How Ride Shares Changed NYC Travel

On June 29, 2021, I tried to use Uber to e-hail a ride to John F. Kennedy International Airport. It was midday, and the quote was $140 (more than double as I remembered it).

A popular black limousine company was slightly cheaper, but significantly short on drivers when I called at the last moment. So, even at the price, it wasn’t a viable option.  

My being saddled with a triple-digit price tag pales in comparison to Sunny Madra’s recent experience. Madra, the VP of Ford’s accelerator program, posted screenshots of the same ride (more or less) for $248.90.

He tried to hail a cab for twenty minutes with no success before resorting to the exorbitant Uber fee. As it turned out, the airport commute was approximately the same as Sunny’s one-way air trip to San Francisco. 

As for me, I opted to stand on the curb and hail the traditional way, which took less than a minute. The out-of-pocket cost (including tolls and fifteen percent tip) topped out at $66 — a significant difference that makes a difference in anyone’s book.

The ride itself was pleasant and comfortable. 

So, was my flip to a conventional taxi an exception? Or is Sunny’s debacle the rule of the day? I’ve asked friends and family for their experiences:

  • It seems that I was fortunate to hail a yellow cab so easily. Thousands of them lie idle (even with virus fears fading).

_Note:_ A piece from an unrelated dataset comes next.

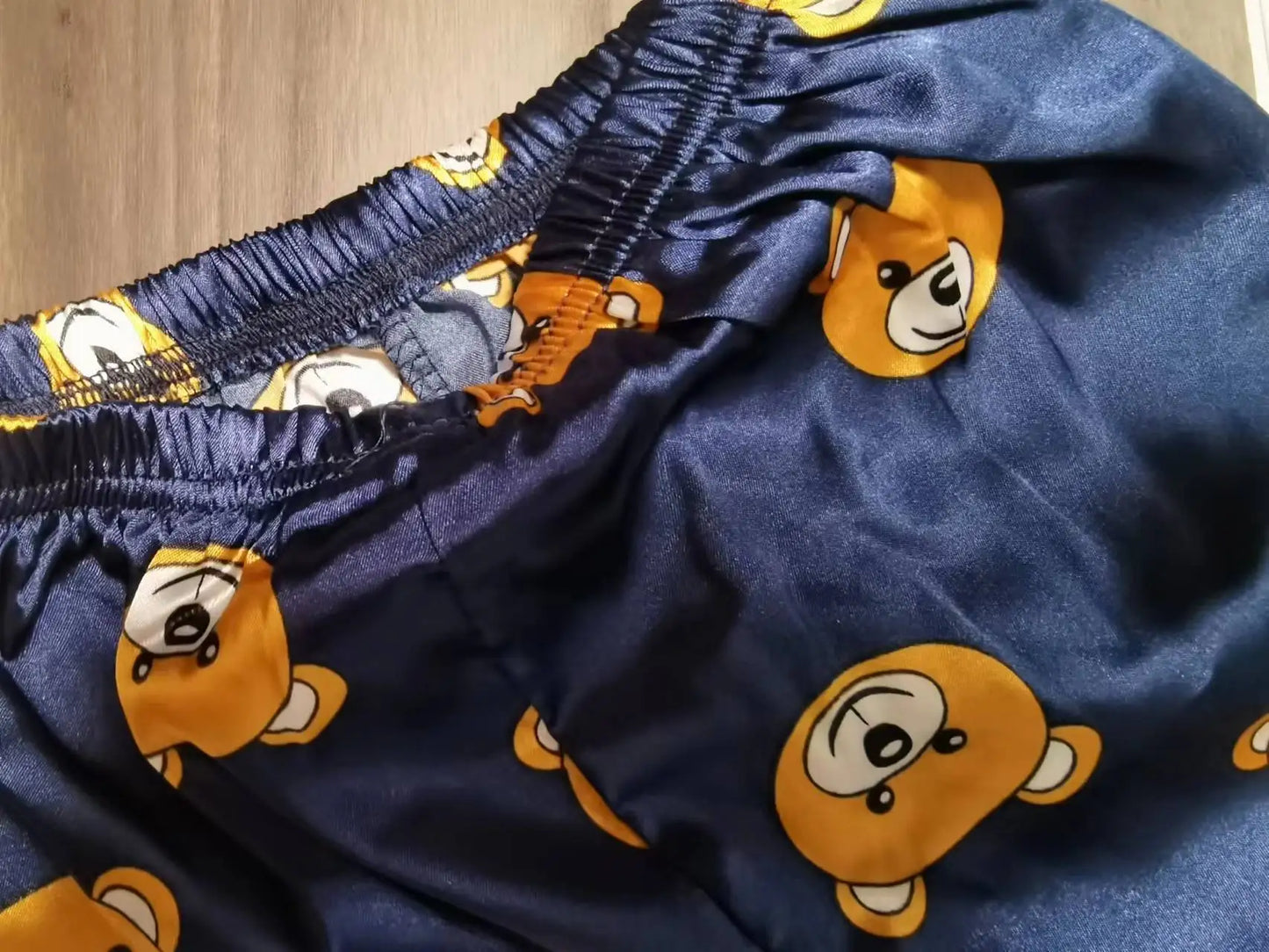 Toddler baby kids silk satin pajamas pyjamas set sleepwear suit boys girls sleep two piece set autumn kids loungewear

There used to be around 10,000 traversing the New York streets at any time. Reliable estimates put the number at 3,500 (i.e., a third). Logically it should take a hailer three times longer to find a cab these days.
  • A compelling force behind the supply issue that resonated with me was the value collapse of city-issued medallions (see above). Cabbies are, on average, in debt to the tune of $450,000. When you’re driving all day to cover monthly installments and still can’t do that, things look bleak.  
  • On the other side of the coin, Uber and Lyft deal with considerable demand and a severe driver shortage. Many of the latter gave up during the shutdown and aren’t rushing back. Also, the unemployment benefit effect isn’t over. Uber drivers before Covid may be relying on these checks until they stop sometime in the next two months.
  • Surge pricing, the safety valve pre-Covid for the ride-rush moments, now seems to be the norm. Everything is in surge mode. 
  • The economy option of ride-pooling left the stage during the pandemic, and its memory is fast fading. Somehow, it makes a mockery of the Uber and Lyft sophisticated pricing structures and their sustainability. The idea was to create time-related and demographic verticals within the overall ridesharing space. Now, everyone’s thrown into one pot – and “expensive” is its name. 
  • Even if you’re prepared to go with the premium fares, waiting times are longer. The days of plugging into the app, then stepping into your Uber in the next ten minutes (at most) are gone.
  • Some of my friends have concluded that short trips by Uber are out of the question. “Pricing” and “waiting” as a tandem duo is a massive turnoff. Many of them wouldn’t dare opt for the subway eighteen months ago, but have since then purchased season metro tickets. 
  • One family comment underlines the shift in getting around Manhattan: “For me, the day Uber quoted me $60 to cover the three miles from my office in the Sugar Hill section of Manhattan home was the day the music died.” 
  • The one big thing yellow cabs have in their favor in this new reality — for now — is non-spiking metered fares. If you are lucky enough to catch one, it’s not going to be a rip-off. 

Where are things going? 

Lyft and Uber are resorting to “out-of-the-box thinking” to get drivers back into their system. Incentive programs, better working conditions, and digital innovations are in the cards. It’s vital to retrieving the benefits that created the advantage in the first place — price and convenience. 

Meanwhile, yellow cab drivers desperately need a rebranding to incentivize the 6,500 or so idle taxis somehow back onto the NYC streets. So who’s winning the war? Truthfully, it doesn’t seem to be all that relevant when the arena itself is in disarray. Customers are hurting, and both sides shouldn’t take that lightly.